Esse conceito ainda alcança o âmbito audiovisual, em que meot agrega dois videoclipes à era Ícaro que também estão atrelados um ao outro justamente para estabelecer uma conexão entre eles. A primeira faixa, “envolver”, foi a escolhida para servir de trilha sonora para o primeiro material de vídeo do álbum e conta com direção e roteiro de Bruno Foiadelli e Gustavo Ayres, enquanto “blasé”, chegará às plataformas digitais após o trabalho de estúdio ser disponibilizado na íntegra. 
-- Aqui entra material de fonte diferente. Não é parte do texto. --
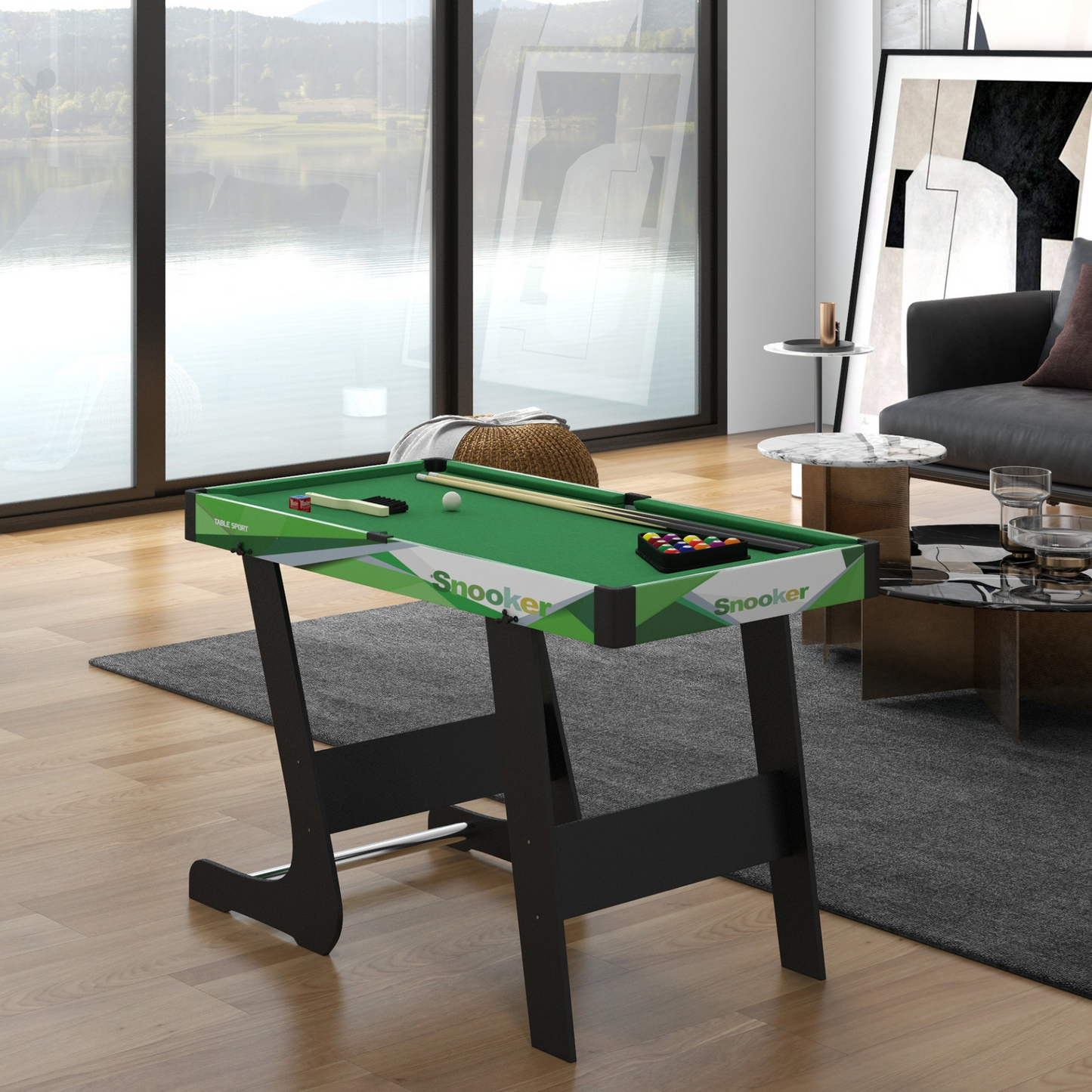 104cm Folding Mini Pool Table Set with 2 Cues, 16 Balls, Chalk, Triangle, Brush in Green by SPORTNOW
“É como se essa persona ficasse nesse momento de retroceder, um loop eterno”, explica Guilherme Meotti sobre o videoclipe de “envolver”. “E ainda tem muito disso no clipe de blasé, que também traz elementos do ‘envolver’.”

O lugar de meot no mundo

(Imagem: Reprodução / Instagram)

Apesar de ter referências estrangeiras, como o Russ, Giveon e um pouco da música emo dos anos 2000, meot pensa no público brasileiro na hora de produzir, mesmo que seu estilo não seja tão popular em meio aos artistas da cena nacional. “Me inspiro muito lá fora, mas nessa cena [que agrupa o lo-fi, R&B e indie] eu sinto uma lacuna que o pessoal mirou mais no pop e acabou caindo no voz e violão”, relata. “O que eu gosto muito é o que eu sinto que não tem tanto no Brasil, como o Luiz Lins e um pouco do trabalho do Luccas Carlos — eu tenho certeza que tem uma galera [que se aventura nesse gênero], mas eu queria buscar algo que vejo muito pouco no cenário nacional.”

Futuro

Além de subir aos palcos, Guilherme Meotti tem outros focos em mente, mas o principal deles é bem simples: encontrar seu próprio público de forma orgânica. O cantor tem “retratos” agregada à playlist editorial sad sla do Spotify, o que já fez com que a faixa furasse a bolha de ouvintes conhecidos e passasse a alcançar mais gente na plataforma de streaming.“Quero dar um passinho atrás do outro”, relata. “Tenho músicas para lançar até novembro fora o álbum como um produto final e o clipe de “blasé”. Tenho também duas ou três músicas já prontas para vir depois de Ícaro, é por esse caminho por enquanto: seguir criando.”